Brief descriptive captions
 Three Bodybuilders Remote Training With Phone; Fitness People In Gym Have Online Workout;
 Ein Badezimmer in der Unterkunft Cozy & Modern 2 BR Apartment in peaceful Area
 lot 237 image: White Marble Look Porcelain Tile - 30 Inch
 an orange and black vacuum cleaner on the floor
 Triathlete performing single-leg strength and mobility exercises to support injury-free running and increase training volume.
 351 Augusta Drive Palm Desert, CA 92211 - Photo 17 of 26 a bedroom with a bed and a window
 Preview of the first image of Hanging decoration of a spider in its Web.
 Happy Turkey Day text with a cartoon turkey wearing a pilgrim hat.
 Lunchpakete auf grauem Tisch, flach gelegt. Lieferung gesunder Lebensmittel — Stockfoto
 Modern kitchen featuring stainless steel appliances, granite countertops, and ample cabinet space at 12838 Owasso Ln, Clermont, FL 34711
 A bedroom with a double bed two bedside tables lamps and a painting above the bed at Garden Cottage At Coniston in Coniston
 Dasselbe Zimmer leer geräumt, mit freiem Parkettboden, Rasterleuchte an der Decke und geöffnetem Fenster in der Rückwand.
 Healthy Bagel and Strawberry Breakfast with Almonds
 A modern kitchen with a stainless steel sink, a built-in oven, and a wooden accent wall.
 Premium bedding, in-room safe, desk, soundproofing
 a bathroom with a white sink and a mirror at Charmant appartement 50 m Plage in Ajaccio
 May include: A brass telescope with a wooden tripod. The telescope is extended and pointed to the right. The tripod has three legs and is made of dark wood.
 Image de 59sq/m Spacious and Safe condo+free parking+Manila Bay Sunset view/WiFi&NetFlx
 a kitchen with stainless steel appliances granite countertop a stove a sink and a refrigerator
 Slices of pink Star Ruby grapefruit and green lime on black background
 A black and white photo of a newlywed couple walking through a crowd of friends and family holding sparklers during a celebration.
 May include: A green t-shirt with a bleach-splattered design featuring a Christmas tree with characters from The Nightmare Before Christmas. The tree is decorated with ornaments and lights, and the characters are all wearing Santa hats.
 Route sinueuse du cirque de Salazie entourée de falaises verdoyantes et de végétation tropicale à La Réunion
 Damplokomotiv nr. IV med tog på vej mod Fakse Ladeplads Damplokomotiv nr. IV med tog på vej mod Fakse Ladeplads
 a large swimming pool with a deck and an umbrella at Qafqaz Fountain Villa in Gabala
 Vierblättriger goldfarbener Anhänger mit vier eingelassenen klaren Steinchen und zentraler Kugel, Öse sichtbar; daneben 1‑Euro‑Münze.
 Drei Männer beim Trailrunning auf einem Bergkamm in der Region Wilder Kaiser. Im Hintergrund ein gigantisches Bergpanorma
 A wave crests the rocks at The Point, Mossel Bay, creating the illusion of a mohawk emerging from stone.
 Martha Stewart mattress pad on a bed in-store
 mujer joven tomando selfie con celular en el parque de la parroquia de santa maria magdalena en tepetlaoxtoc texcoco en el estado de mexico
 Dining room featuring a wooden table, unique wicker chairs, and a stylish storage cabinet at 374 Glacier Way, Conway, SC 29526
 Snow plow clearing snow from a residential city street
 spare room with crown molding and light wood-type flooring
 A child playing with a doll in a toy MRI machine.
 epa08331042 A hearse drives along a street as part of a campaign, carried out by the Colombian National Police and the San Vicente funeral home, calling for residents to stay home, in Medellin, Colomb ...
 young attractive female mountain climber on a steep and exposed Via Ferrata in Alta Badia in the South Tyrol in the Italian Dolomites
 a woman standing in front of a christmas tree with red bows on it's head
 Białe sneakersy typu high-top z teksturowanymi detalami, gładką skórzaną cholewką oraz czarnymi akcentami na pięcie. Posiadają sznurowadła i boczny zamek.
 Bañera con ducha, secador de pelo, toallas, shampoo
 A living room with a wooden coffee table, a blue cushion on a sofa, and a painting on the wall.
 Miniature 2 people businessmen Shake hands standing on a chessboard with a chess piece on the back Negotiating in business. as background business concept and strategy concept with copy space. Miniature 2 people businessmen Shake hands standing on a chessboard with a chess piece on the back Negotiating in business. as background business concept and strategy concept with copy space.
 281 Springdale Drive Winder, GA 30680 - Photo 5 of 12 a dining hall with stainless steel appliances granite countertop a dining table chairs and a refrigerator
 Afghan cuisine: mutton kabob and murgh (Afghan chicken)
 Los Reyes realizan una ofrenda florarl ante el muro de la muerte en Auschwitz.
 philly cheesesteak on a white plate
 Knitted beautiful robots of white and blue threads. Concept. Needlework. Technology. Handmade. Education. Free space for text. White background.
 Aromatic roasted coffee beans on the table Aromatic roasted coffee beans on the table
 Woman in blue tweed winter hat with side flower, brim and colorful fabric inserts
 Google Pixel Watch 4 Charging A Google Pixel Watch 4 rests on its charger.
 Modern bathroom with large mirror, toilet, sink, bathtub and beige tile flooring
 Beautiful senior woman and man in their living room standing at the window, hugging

— Aim of the task —
What is needed is an exact copy of the lines above, from the one containing "a kitchen with" through the one containing "Slices of pink", with nothing added.

— Answer box —
 a kitchen with stainless steel appliances granite countertop a stove a sink and a refrigerator
 Slices of pink Star Ruby grapefruit and green lime on black background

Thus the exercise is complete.